Restate every entry verbatim; drop the pictures.

☆ ☆ ☆ ☆

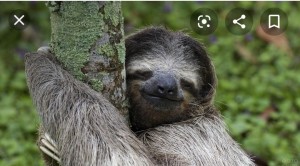 Create meme: Costa Rica sloths, sloth kicks, I'm a sloth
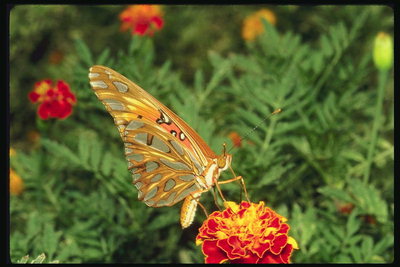 Бабочка с светло-коричневыми крыльями в серый рисунок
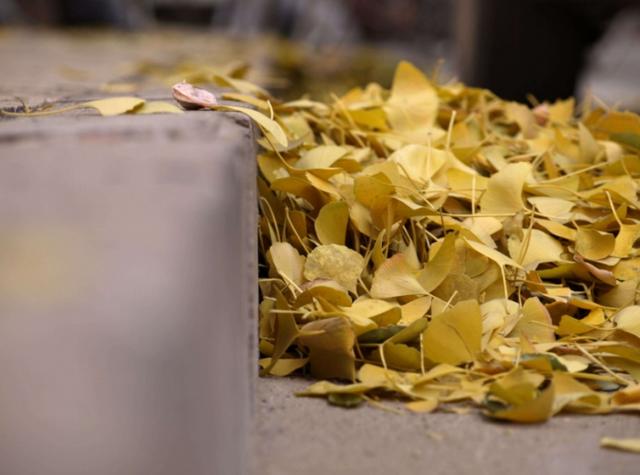 初中毕业想读大专，这些你要知道，别被骗了？-广东技校排名网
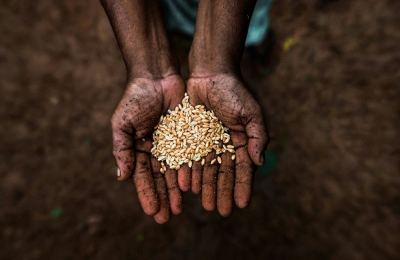 Why farmers oppose the Crop Seed Quality Bill and see seed-sharing as key to food security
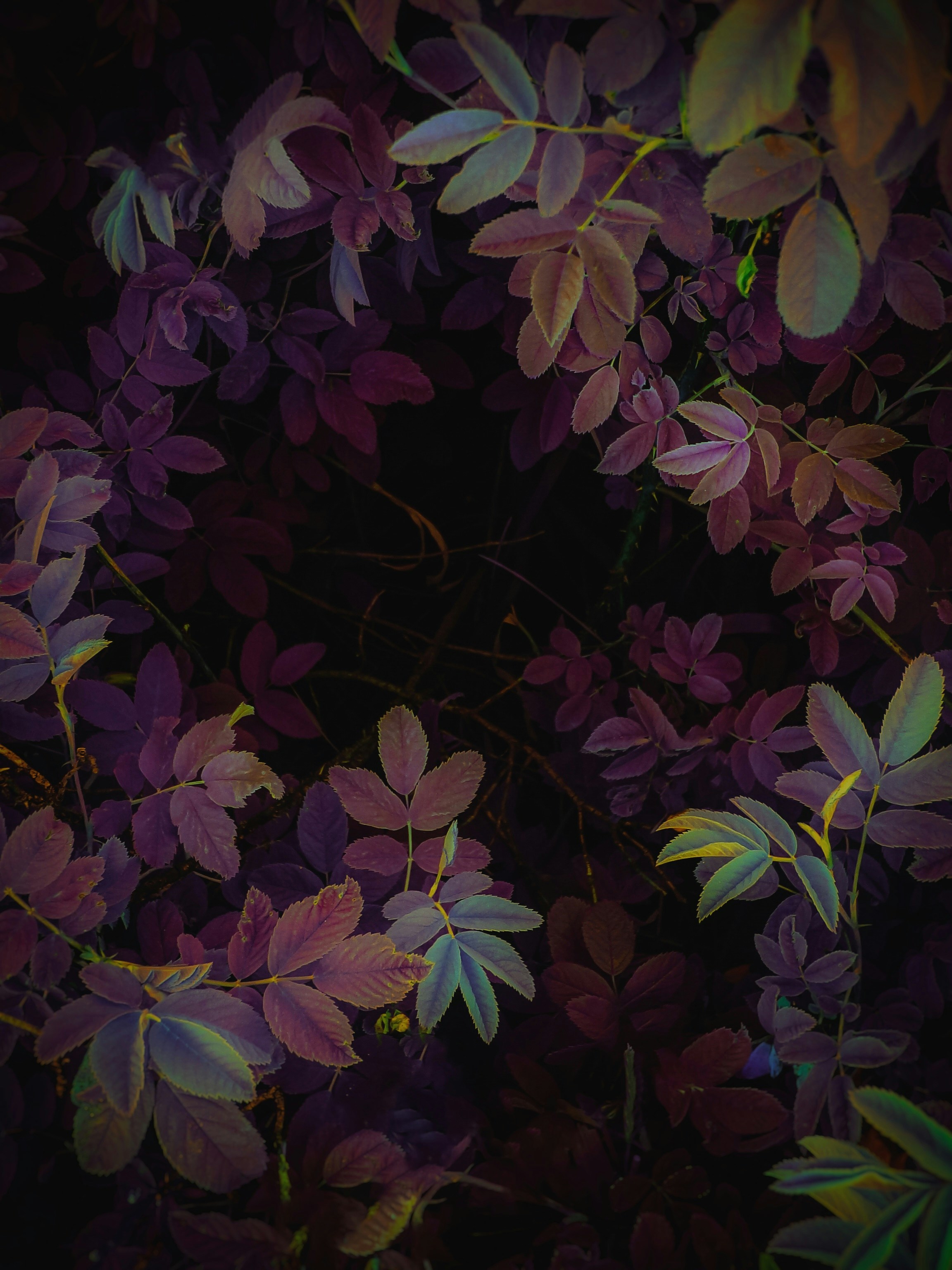 Photo by eugene_golovesov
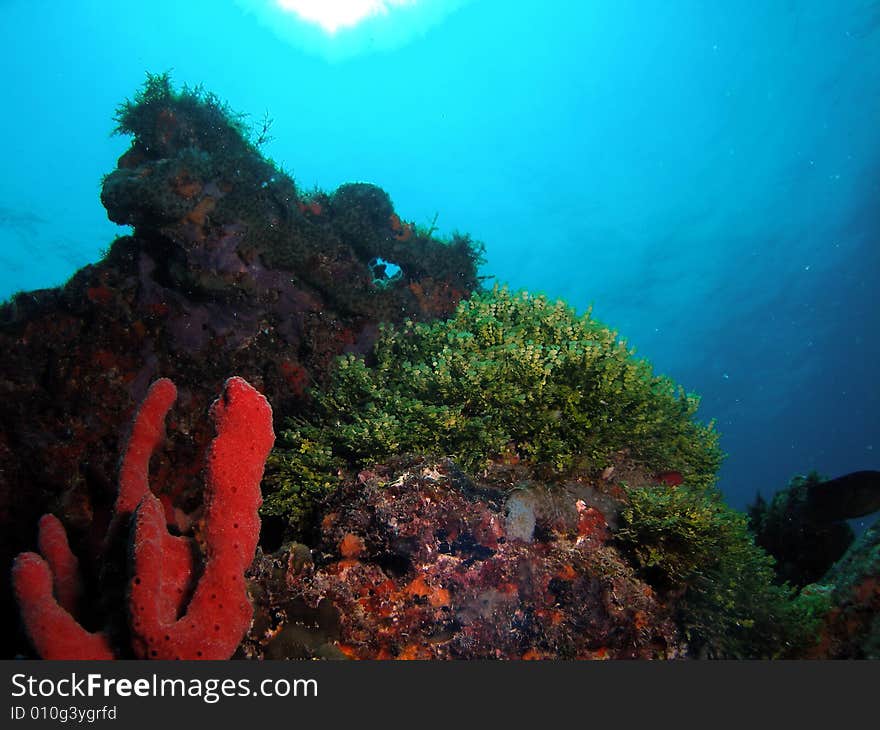 Red coral on blue and green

☆ ☆ ☆ ☆

Answer space:
 Create meme: Costa Rica sloths, sloth kicks, I'm a sloth
 Бабочка с светло-коричневыми крыльями в серый рисунок
 初中毕业想读大专，这些你要知道，别被骗了？-广东技校排名网
 Why farmers oppose the Crop Seed Quality Bill and see seed-sharing as key to food security
 Photo by eugene_golovesov
 Red coral on blue and green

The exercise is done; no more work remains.